Tracking in the COMET Experiment using Machine Learning
by
Ewen Gillies
(Imperial College London)
→
Asia/Shanghai
B326 (IHEP)
B326
IHEP
Description
The Coherent Muon to Electron Transition (COMET) experiment is designed to search for muon to electron conversion, a process which has very good sensitivity to Beyond the Standard Model physics. The first phase of the experiment is currently under construction at J-PARC. This phase is designed to probe muon to electron conversion 100 times better than the current limit. The experiment will achieve this sensitivity by directing a high intensity muon beam at a stopping target. The detectors probe the resulting events for the signal 105 MeV electron from muon to electron conversion.

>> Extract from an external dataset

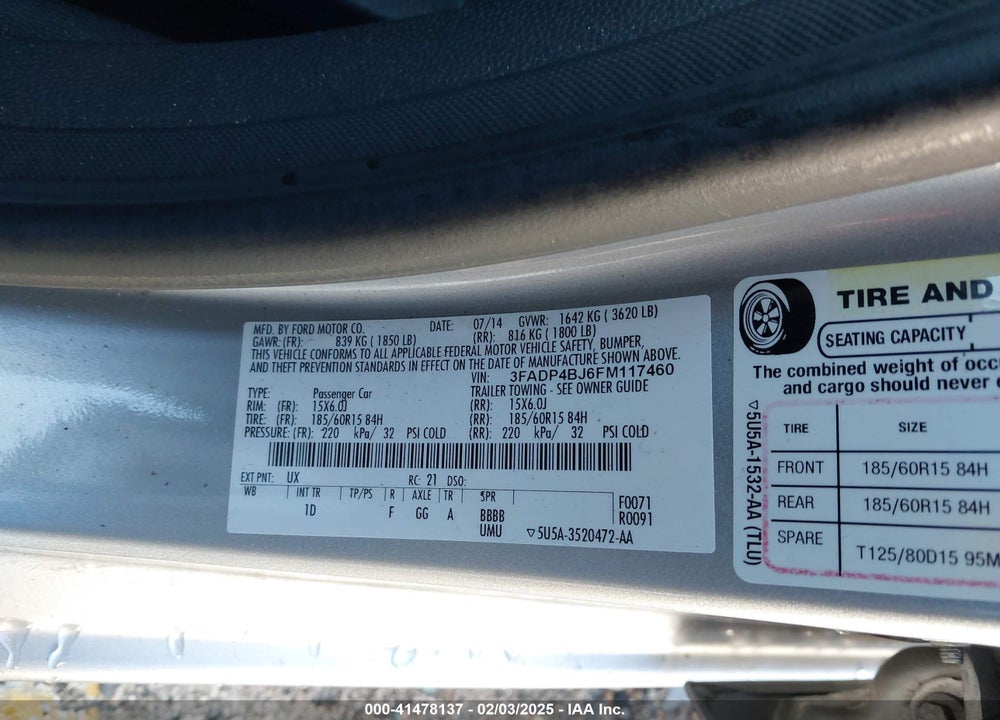 2015 FORD FIESTA VIN: 3FADP4BJ6FM117460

A boosted decision tree (BDT) algorithm has been developed to find this signal track. This BDT is used to combine energy deposition and timing information with a reweighted inverse hough transform to filter out background hits. The signal hits are then passed to the track fitting algorithm.
Results show that using a BDT significantly improves in background hit rejection when compared to traditional, cut-based hit rejection methods. At 99% signal hit retention, a cut on the energy deposition is able to remove 80% of background hits. By combining more multiple features, the BDT is able to remove 99% of background hits while still retaining 99% of signal hits.